Although the records contain pictures, none belong in the copy: restate word for word only the lines from the one with "Eğirdir Gölü’nde Kayalık" through the one with "Animal print peep toe flats", both included.

##########

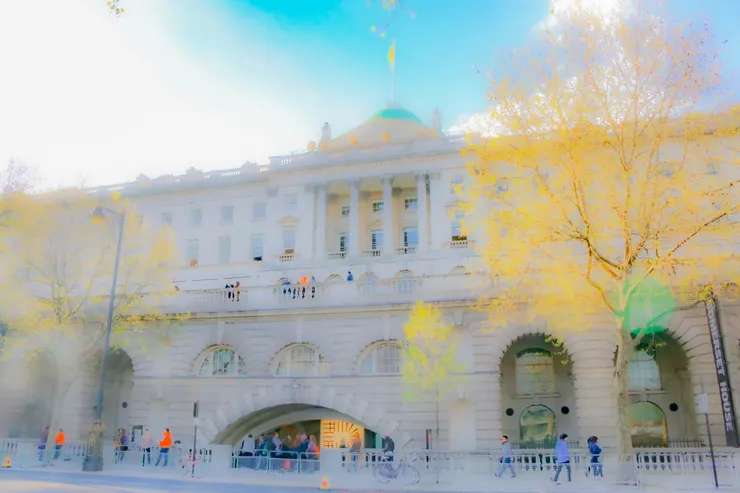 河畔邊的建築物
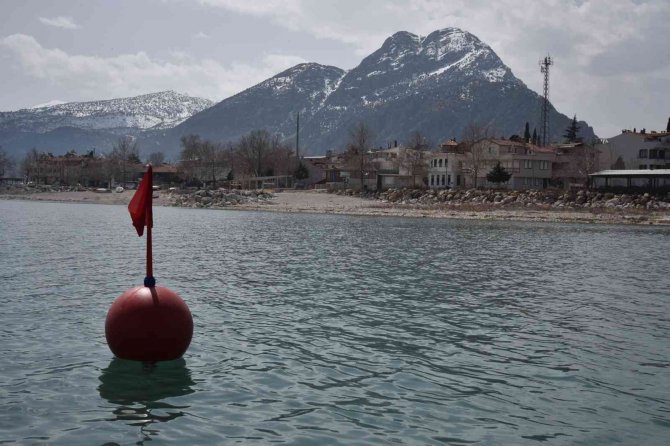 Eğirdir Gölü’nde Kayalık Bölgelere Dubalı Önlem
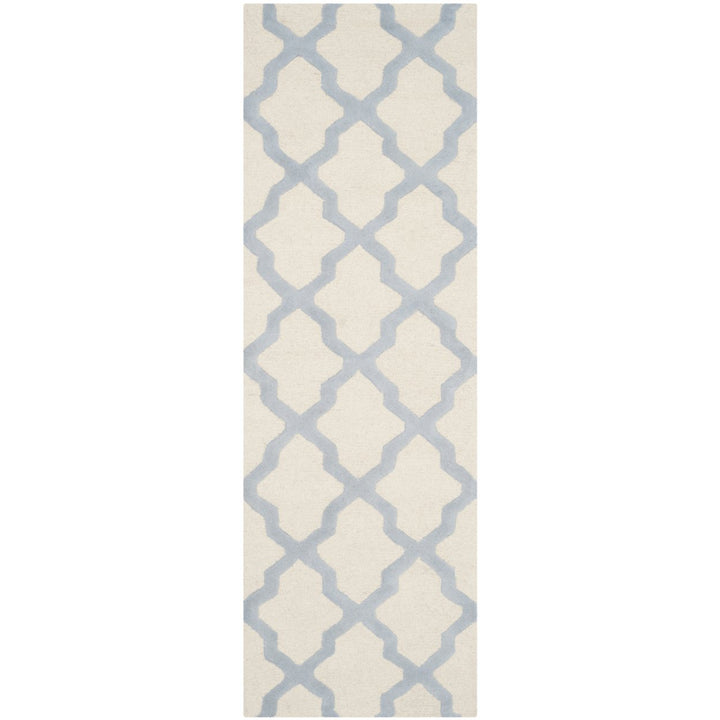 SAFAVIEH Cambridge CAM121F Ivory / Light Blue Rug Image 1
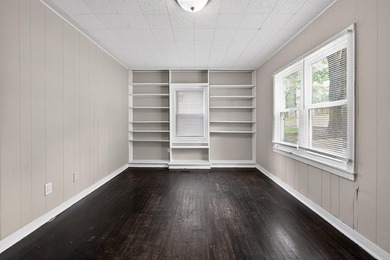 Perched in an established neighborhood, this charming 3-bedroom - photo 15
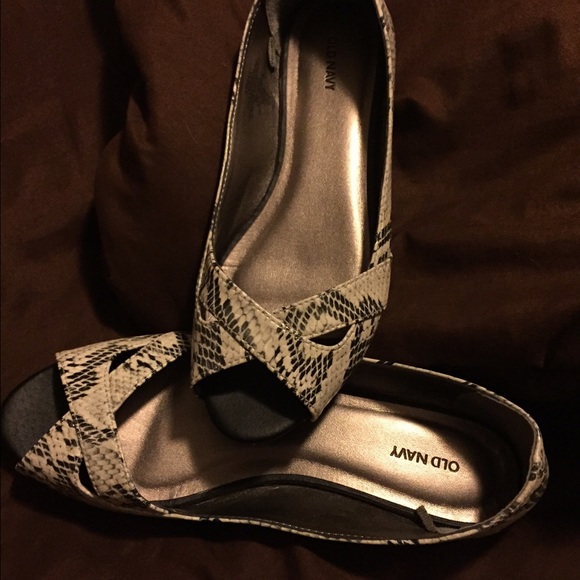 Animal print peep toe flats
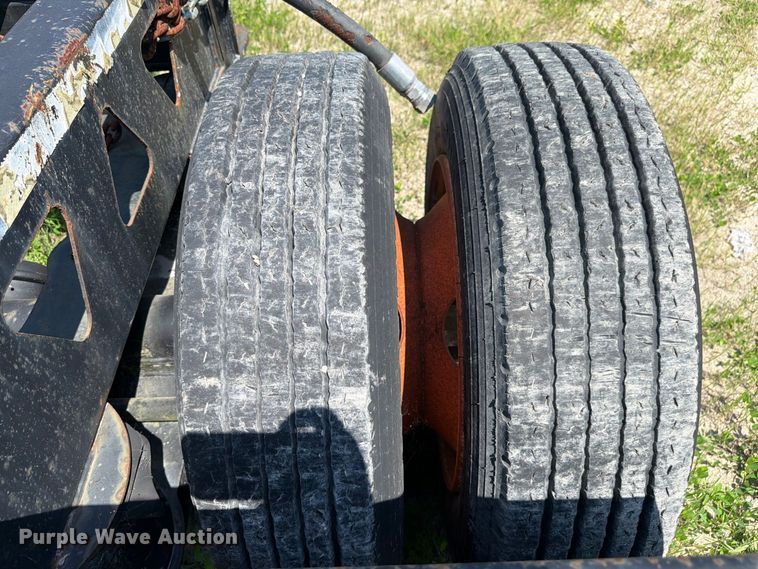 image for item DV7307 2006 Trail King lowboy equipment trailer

##########

> FINAL ANSWER:
 Eğirdir Gölü’nde Kayalık Bölgelere Dubalı Önlem
 SAFAVIEH Cambridge CAM121F Ivory / Light Blue Rug Image 1
 Perched in an established neighborhood, this charming 3-bedroom - photo 15
 Animal print peep toe flats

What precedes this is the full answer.